In comparison to the time between radiation exposure and CA detection, there is a much longer gap between radiation exposure and the incidence of lung cancer. Oncogenic transformations in fibroblasts irradiated with alpha particles or X-rays were present 4 - 8 weeks after radiation exposure (Robertson et al. 1983; Miller et al. 1996). In vivo irradiation of 1 week-, 5 week- and 15 week-old rats by 1 Gy of thoracic X-rays was found to induce lung tumours months to years after the radiation treatment, with the highest risk for lung tumours found in rats that died between 600 and 900 days of age (Yamada et al. 2017). Similarly, French uranium miners exposed to radon and radon progeny for a minimum of two years were diagnosed at least 10 years after the first radon exposure (Tirmarchel et al. 1993).

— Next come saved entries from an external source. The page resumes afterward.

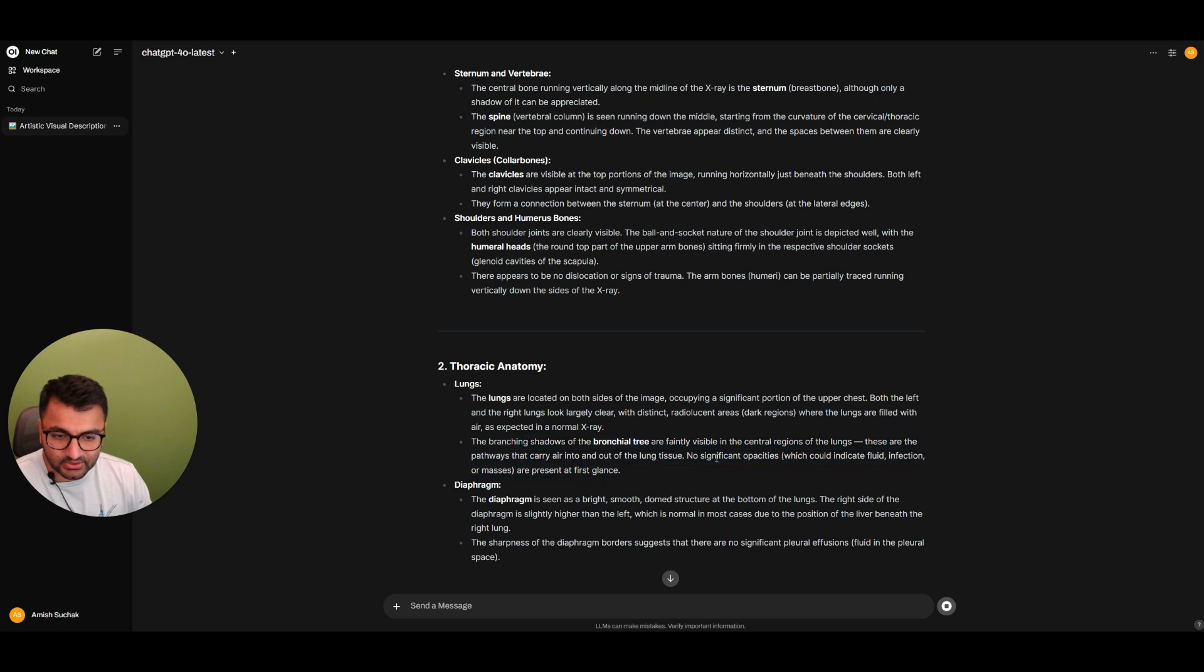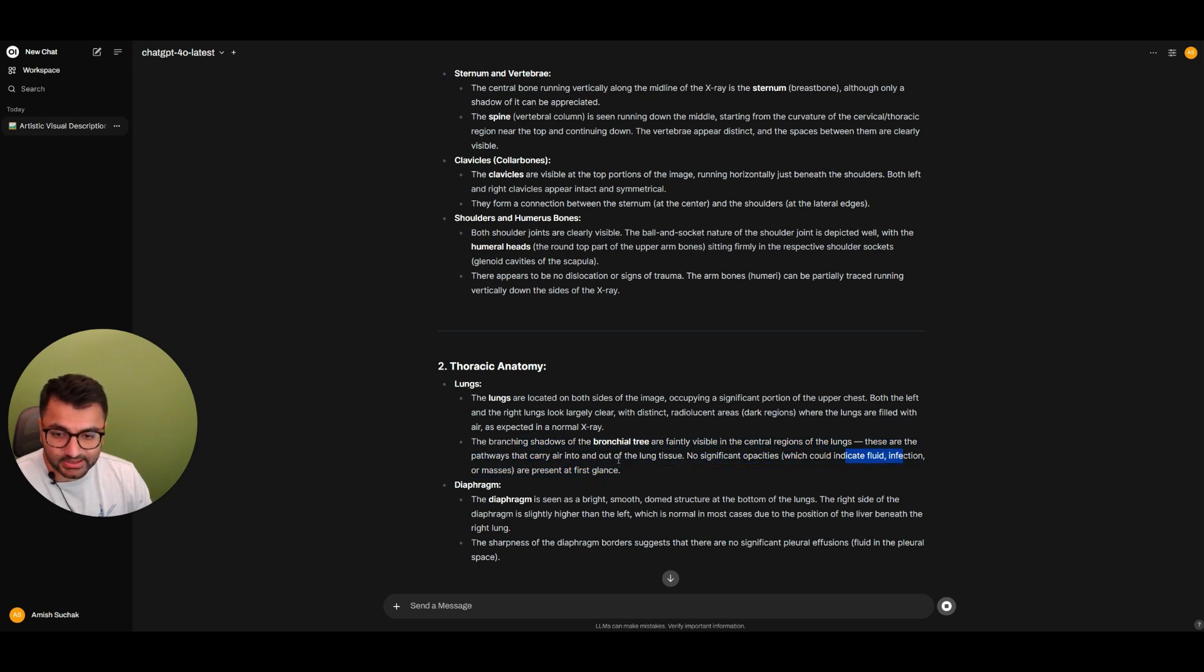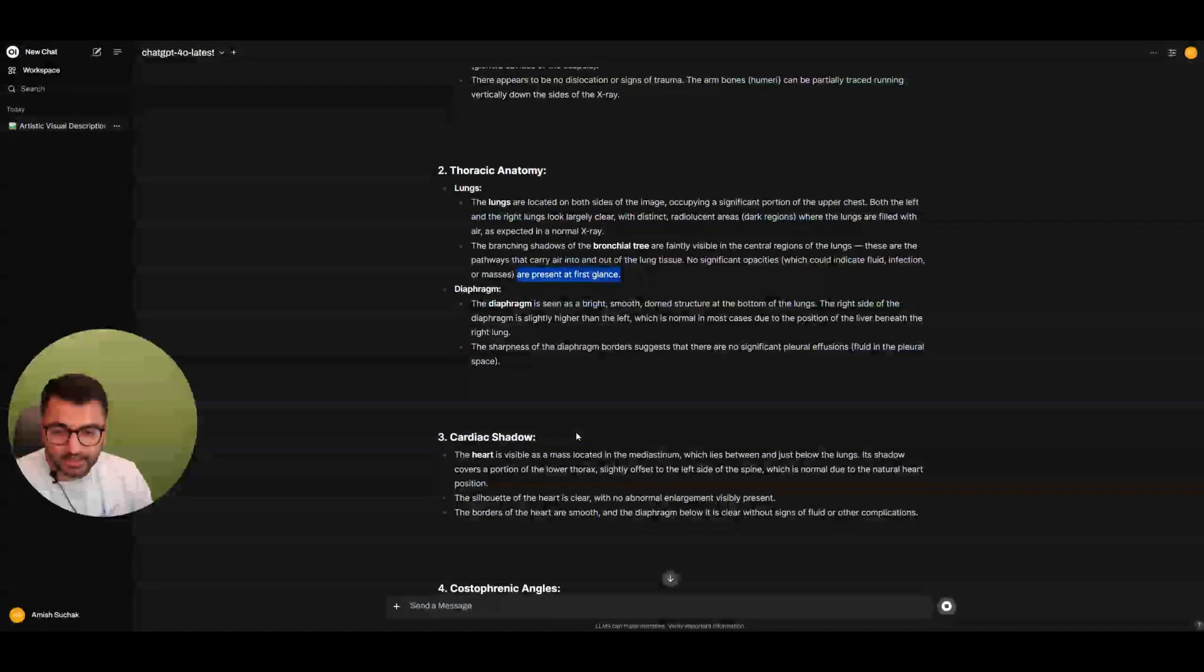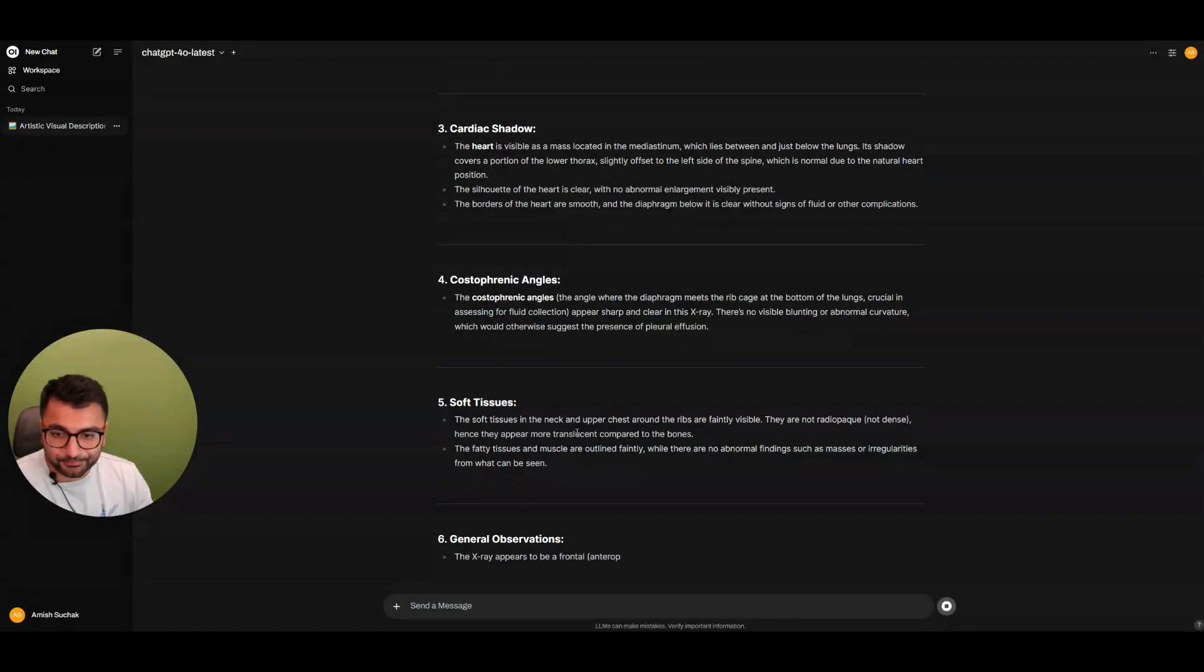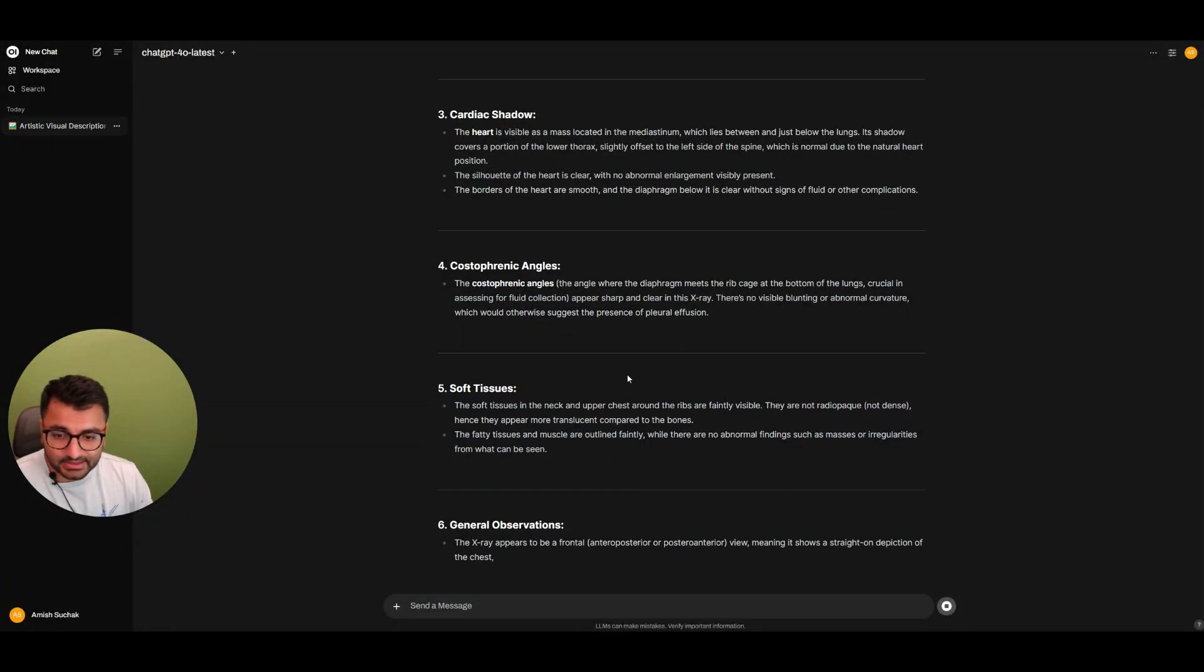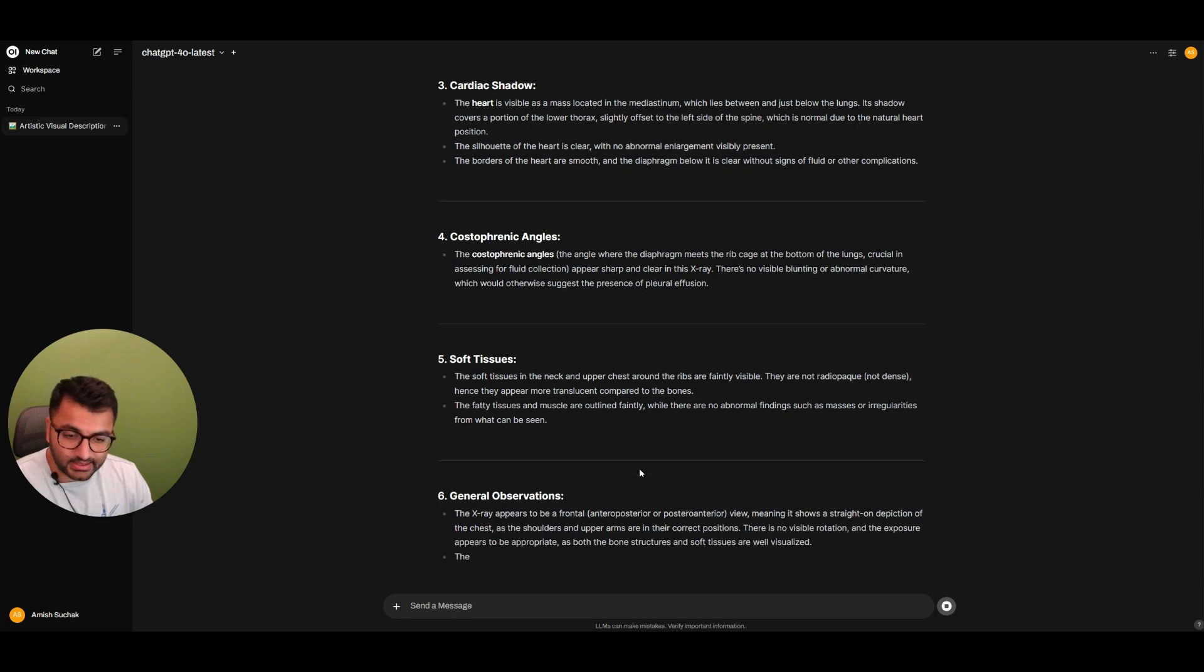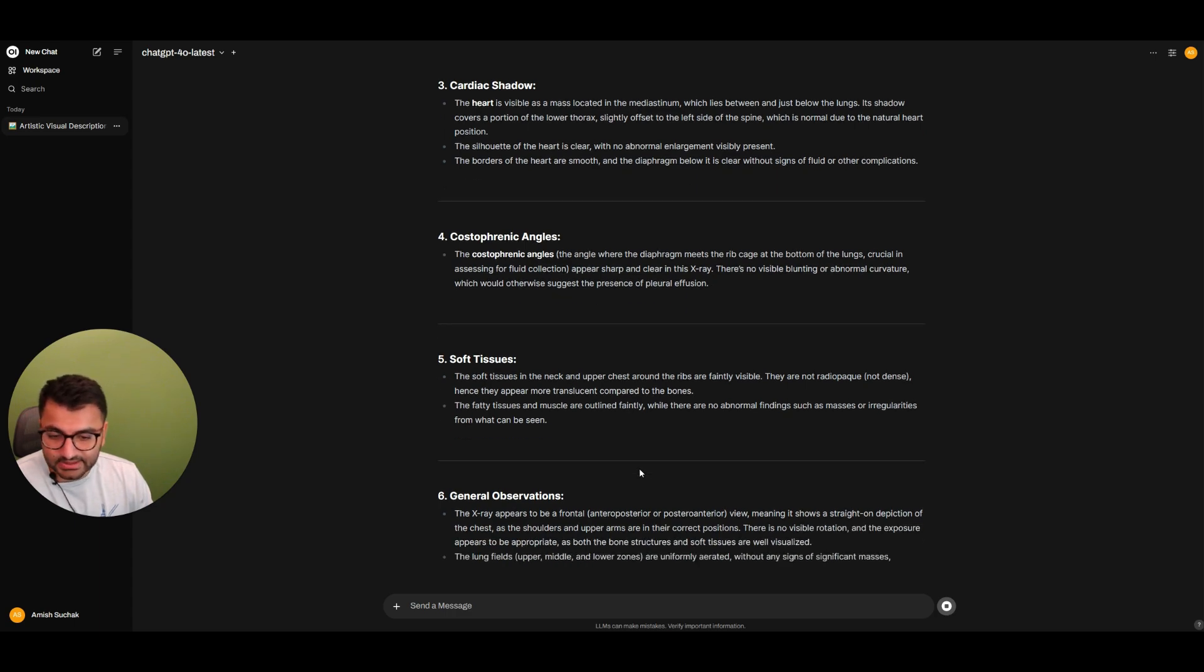No significant opacities which could indicate fluid infection or masses at present at first glance. And see, it does give a very detailed and thorough description.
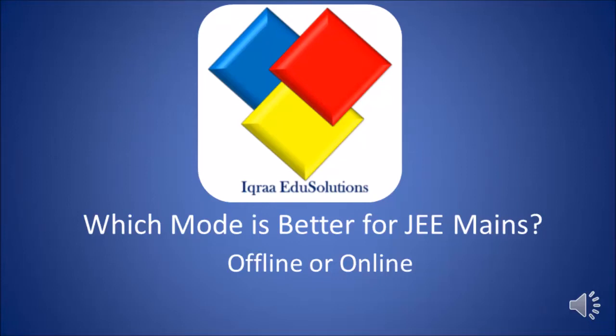For JEE Mains 2017, two modes are available: offline mode and online mode. Now we will see which mode is better.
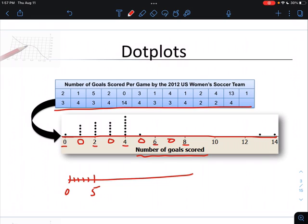Once we have our line, label, scale, and spaces provided, we start with our data one number at a time. Every time we see a number, we plot a dot above that location. So for the first value — two — we mark a dot above two. Then one goes above one, five above five. As soon as we have a repeat value, we start stacking those dots on top of each other. Zero goes above zero, three above three, and so on.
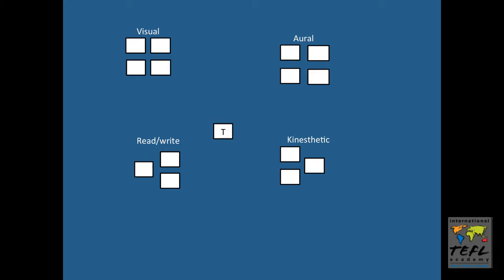At this point we're ready to jigsaw. So I will look at each group and I will number them. First with the read-write group I want you to number one, two, and three.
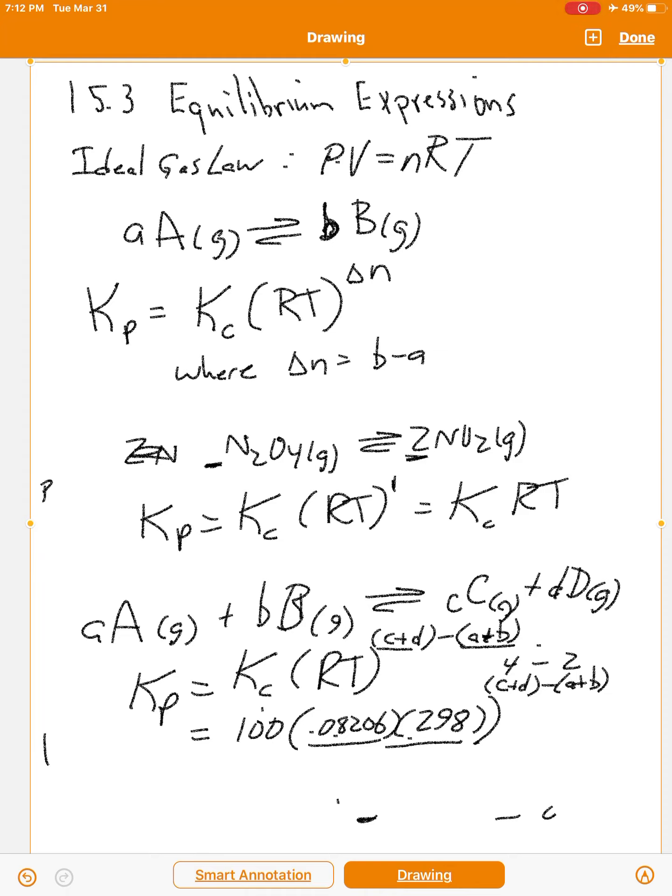So there are four main topics in this section: heterogeneous equilibria, reversing an equation, multiplying an equation by a constant, adding equations together, and the relationship between Kp and Kc. You should read through the textbook for further detail, and then practice, practice, practice.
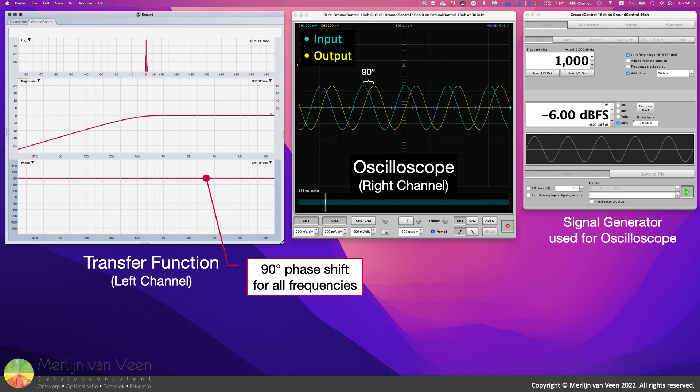Since group delay is the first derivative of the phase response, no slope means no group delay, and this filter's phase response, albeit 90 degrees off, is flat as a ruler.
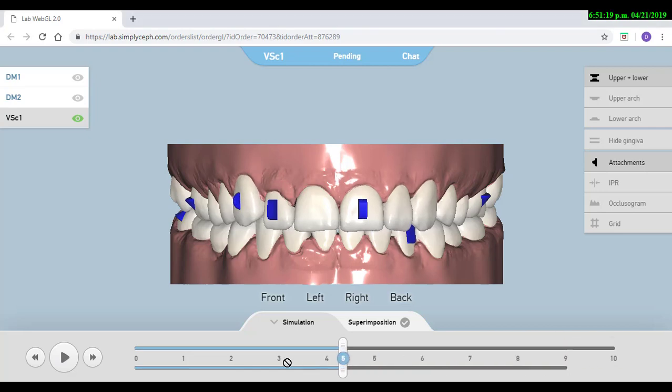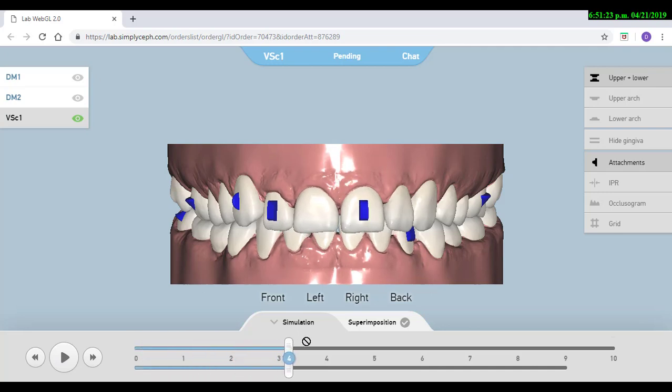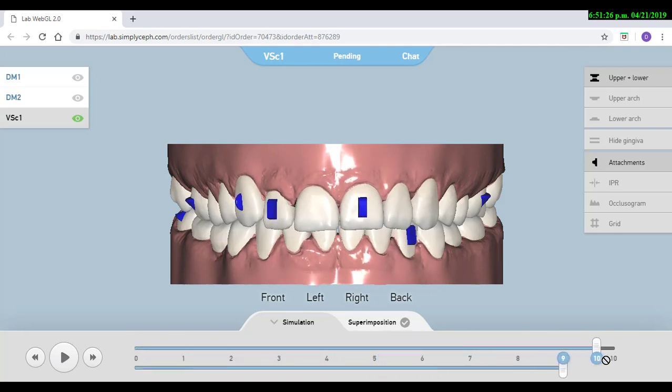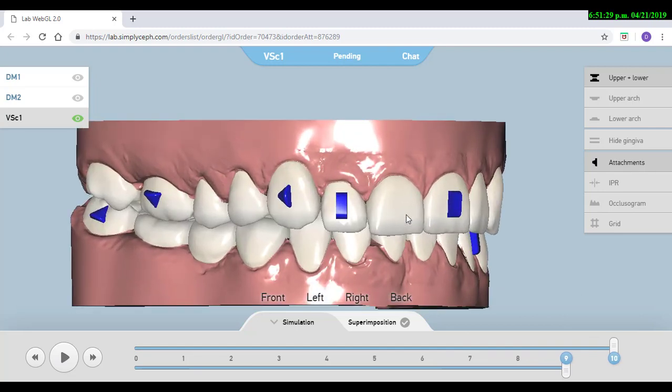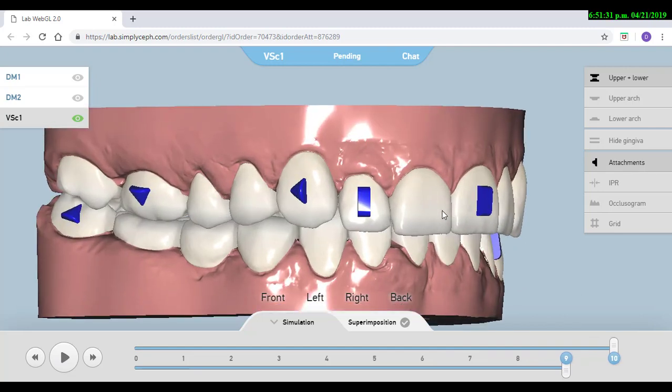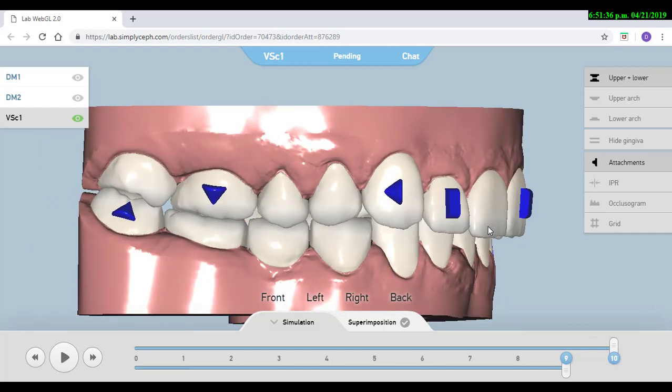For example, in here we have a deep bite and I'm making intrusion of those upper and lower incisors. So if the patient has a gummy smile, this intrusion that we are performing is going to actually help us to reduce that gummy smile.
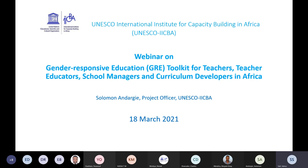Good morning, good afternoon, good evening, ladies and gentlemen, dear colleagues, dear partners depending on where you are, and welcome to this webinar entitled Gender Responsive Education Toolkit for Teachers, Teacher Educators, School Managers, and Curriculum Developers in Africa.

Furthermore, direct injection of a CA into mice has also been shown to result in cancer several weeks after the CA administration. Injection of tumourigenic A549 cells that harbour a loss of heterozygosity at chromosome 11 resulted in tumour growth 3 weeks after injection (Kuramochi et al. 2001). Similarly, administration of the BCR/ABL translocation resulted in the mouse equivalent of chronic myelogenous leukemia by 21 - 31 days post-injection (Pear et al. 1998).

Known modulating factors


Some studies have documented modulating factors that affect CAs in lung cancer, including age, ethnicity (Lloyd et al. 2013), smoking (Feder et al. 1998; Paik et al. 2012; Lloyd et al. 2013; Minina et al. 2017), sex (Feder et al. 1998), and genotype (Kim et al. 2012; Minina et al. 2017). In NSCLC patients, ALK and EML4 rearrangements have reportedly been influenced by confounding variables such as age (Shaw et al. 2009; Wong et al. 2009; Sasaki et al. 2010), sex (Shaw et al. 2009), and smoking history (Koivunen et al. 2008; Shaw et al. 2009; Wong et al. 2009; Sasaki et al. 2010).

Known Feedforward/Feedback loops influencing this KER


Not identified.

Domain of Applicability


The domain of applicability applies to mammals such as mice, rats, hamsters and humans.